Die Verurteilung wegen eines vorsätzlichen Rotlichtverstoßes erfordert die Feststellung, mit welcher Geschwindigkeit sich der Betroffene der Ampel genähert und in welcher Entfernung von der Haltelinie er das dem Rotlicht vorausgehende Gelblicht bemerkt hat. Denn anderenfalls kann nicht entschieden werden, ob er zum Zeitpunkt des Tatentschlusses zum rechtzeitigen Anhalten in der Lage gewesen wäre.
KG, Beschluß vom 11. 7. 2001 - 2 Ss 106/01 3 Ws (B) 260/01

Zum Sachverhalt:
Die Betroffene wurde wegen vorsätzlichen Rotlichtverstoßes zu einer Geldbuße von 450 DM verurteilt; gegen sie wurde gemäß § 25 StVG ein einmonatiges Fahrverbot angeordnet. Die Rechtsbeschwerde der Betroffenen, mit der sie das Verfahren beanstandete und die Verletzung sachlichen Rechts rügte, führte zu einer Änderung des Schuldspruchs und hatte hinsichtlich des Rechtsfolgenausspruchs (vorläufig) Erfolg.

Aus den Gründen:
(es folgen zunächst Ausführungen zur Feststellung zur Fahreigenschaft).

2. Dagegen wird die Annahme vorsätzlichen Verhaltens der Betroffenen von den Feststellungen des angefochtenen Urteils nicht getragen. Wie die Rechtsbeschwerde zutreffend ausführt, lässt die Tatsache, dass der Betroffenen ausweislich ihrer späteren Äußerung gegenüber den Polizeibeamten der eigene Rotlichtverstoß bewusst war, nicht auf dessen vorsätzliche Begehung schließen, da mit den getroffenen Feststellungen nicht ausgeschlossen werden kann, dass sich diese Erkenntnis der Betroffenen erst nach Begehung des Verstoßes ausgeprägt hat.
Abgesehen hiervon entspricht es der ständigen Rechtsprechung des Kammergerichts, dass die Verurteilung wegen eines vorsätzlichen Rotlichtverstoßes die Feststellung(en) voraussetzt, mit welcher Geschwindigkeit sich der Betroffene der Ampel genähert hat und in welcher Entfernung von der Haltelinie er das dem Rotlicht vorausgehende Gelblicht bemerkt hat, damit entschieden werden kann, ob er im Zeitpunkt des Tatentschlusses überhaupt in der Lage gewesen wäre, rechtzeitig anzuhalten (KG, Beschlüsse vom 7. 4. 1997 - 3 Ws (B) 54/97 - sowie vom 22. 11. 1996 - 3 Ws (B) 522/96 - jew. m.w.N.).

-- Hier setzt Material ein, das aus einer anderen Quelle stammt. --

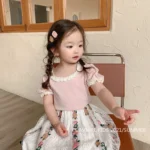 Girls' Lace Summer Shirt — Image 5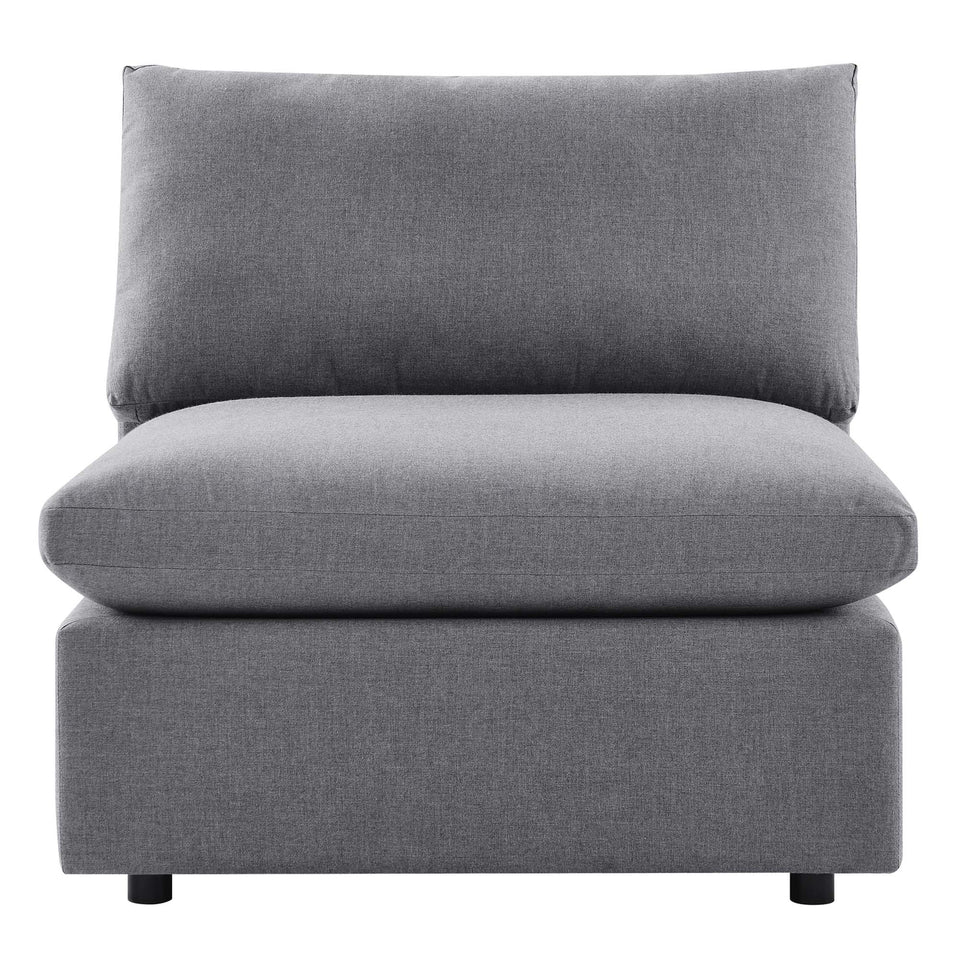 Commix Sunbrella® Outdoor Patio Armless Chair by Modway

An den erforderlichen Feststellungen fehlt es hier; im Urteil ist diesbezüglich nur von einer leicht überhöhten Geschwindigkeit der Betroffenen die Rede.
Dieser Fehler im Schuldspruch nötigt jedoch nicht zur Zurückverweisung an das Amtsgericht. Der Senat ist in der Lage, nach § 79 Absatz 6 OWiG die erforderliche Schuldspruchberichtigung selbst vorzunehmen, da vorliegend ausgeschlossen werden kann, dass in einer erneuten Hauptverhandlung Feststellungen zum Nachweis einer Vorsatztat der Betroffenen getroffen werden können.

Der Senat berichtigt deshalb den Schuldspruch. Da in Folge dessen auch der Rechtsfolgenausspruch keinen Bestand haben kann, hebt der Senat diesen auf und verweist die Sache nach § 79 Absatz 6 OWiG insoweit zu neuer Verhandlung und Entscheidung an das Amtsgericht zurück. Die Zurückverweisung an eine andere Abteilung des Amtsgerichts bot sich hier nicht an.